Mais pas moins torrent ! Le comédien ne s’arrête plus. « Finalement, je crois beaucoup à l’amour mais peu au couple. « Faire un couple », c’est avoir une vision belge de la vie : c’est faire des compromis. Et le risque des compromis, c’est la compromission. L’intelligence, c’est de trouver un juste milieu où les deux libertés individuelles restent ce qu’elles sont mais trouvent un point d’intersection pour se rejoindre. »

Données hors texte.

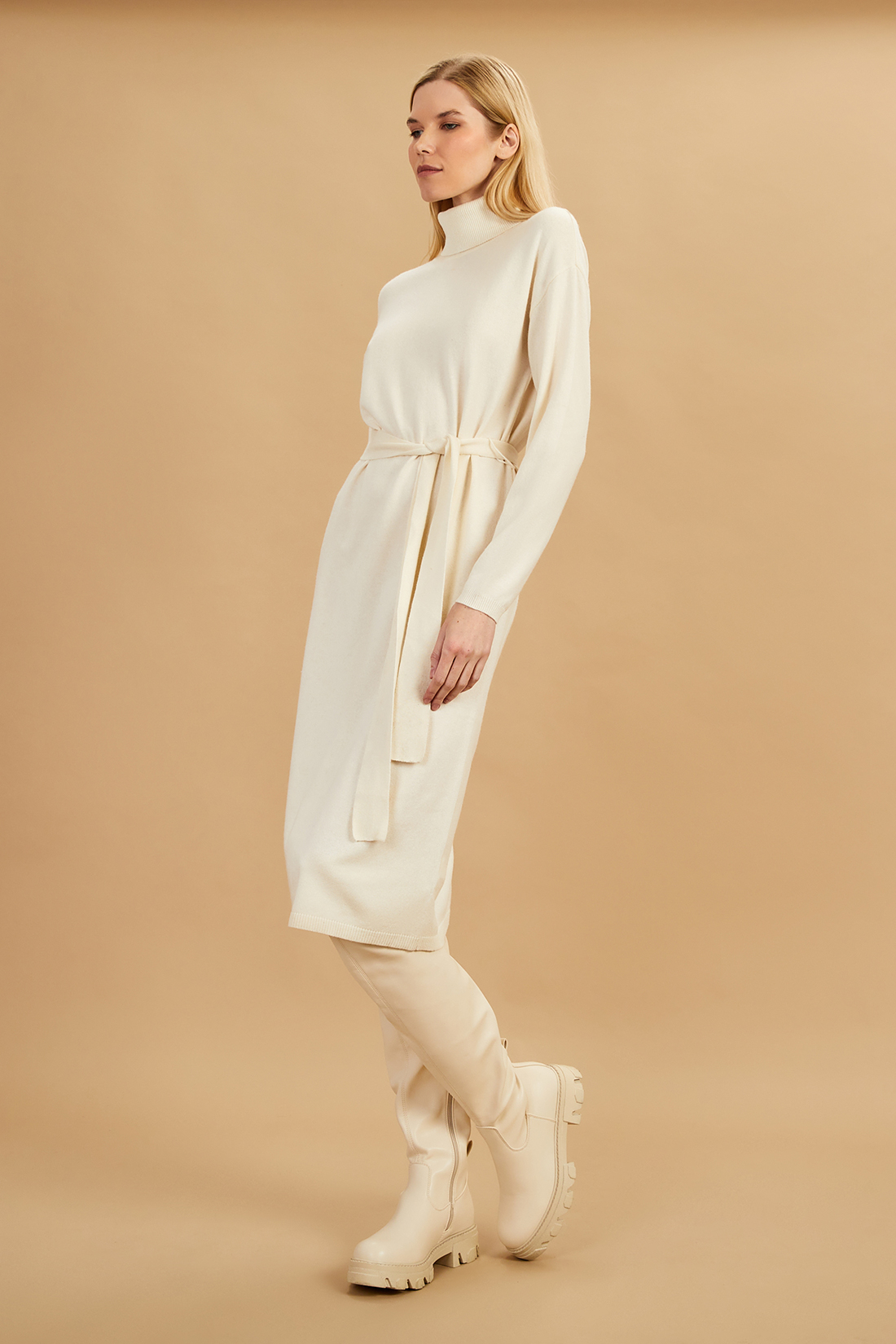 Платье женское Baon B451505 белое XL
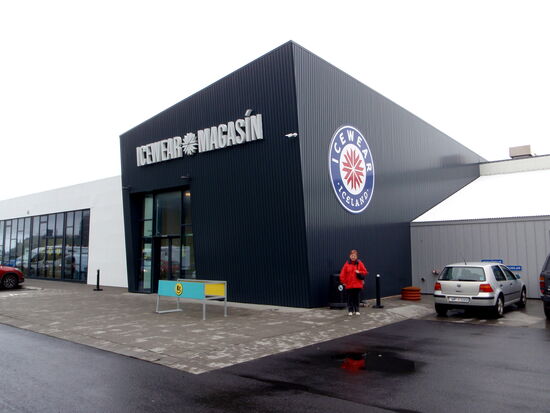 das neue Einkaufszentrum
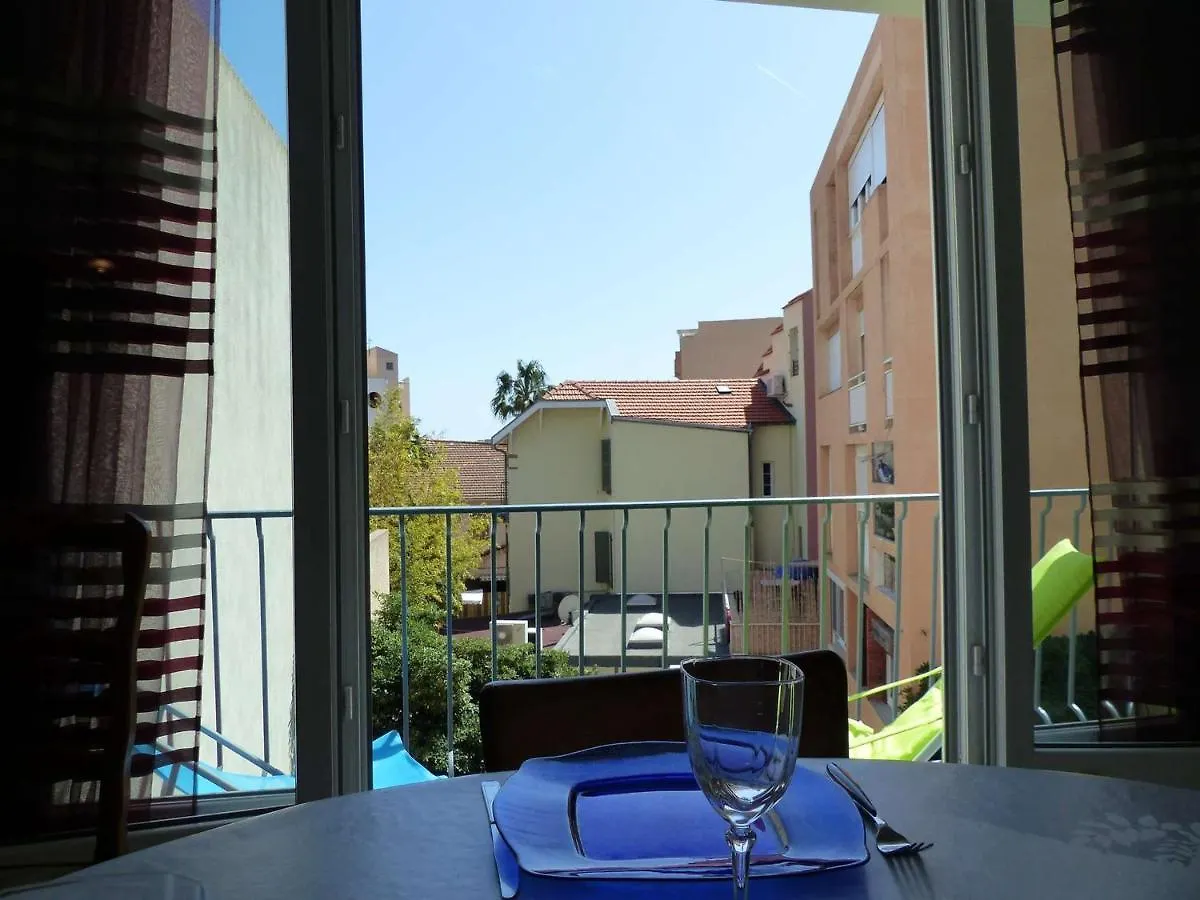 Appartement Climatise Au Centre Du Lavandou, 3 Chambres Avec Balcon, Proche Commodites - Fr-1-308-157 Le Lavandou Lägenhet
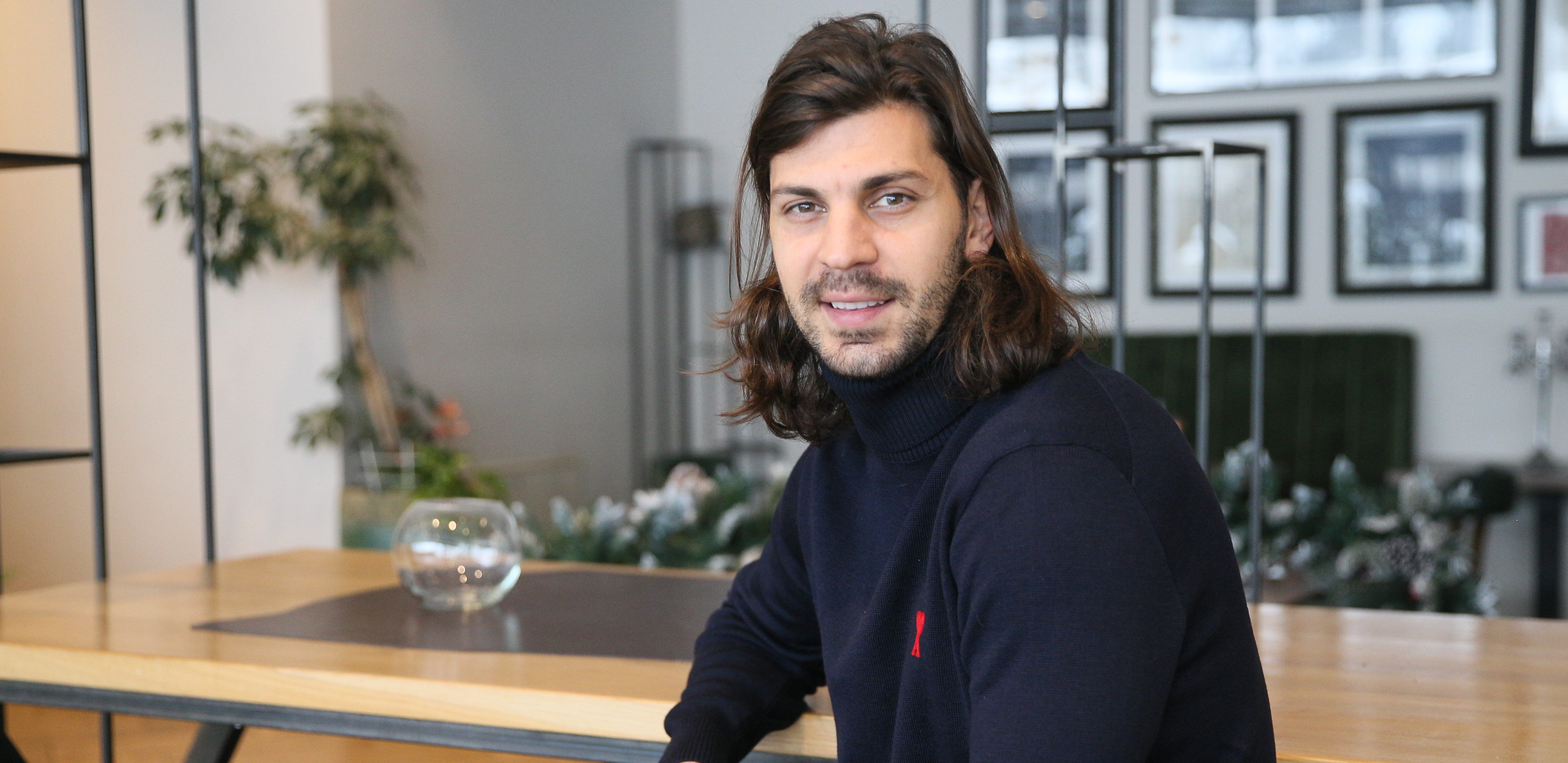 ZVEZDAŠI Aleksandar Dragović za Alo! o Marakani, tituli, Arnautoviću, navijačima, Zlativoju, a LEGENDARNI DEDA O UNUKU rođenom u godini Barija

Un peu chamboulé après avoir raconté l’histoire d’amour de ses parents et la mort de son père, Sam Touzani se lève et file refaire du café. Est-ce parce qu’il venait d’une famille où la liberté n’était aussi aisée qu’il en reste aujourd’hui si épris ? « Tu sais, je n’avais pas conscience que j’étais marocain. L’identité ne m’avait pas questionné jusqu’au jour où une école (célèbre à Bruxelles) a refusé de nous inscrire, mes soeurs et moi. Pour eux, nous n’avions pas les mêmes valeurs. C’était une claque pour moi qui avais toujours été belge dans la rue et marocain à la maison. Je me suis alors posé beaucoup de questions et très vite, j’ai choisi d’être « universaliste »… C’est un peu ce que je dis dans mes spectacles : « A l’identité, je préfère la citoyenneté. » C’est ça qui compte. Certains diront « oui mais, là, c’est l’artiste qui parle », c’est faux : on est tout ce qu’on est et en tant qu’artiste, nous avons une responsabilité éthique énorme. »

Son amoureuse va arriver. Il est l’heure de nous quitter. Pour tout ce qui n’a pas été abordé ici, allez voir ses spectacles. Vous y retrouverez un Sam Touzani tout entier.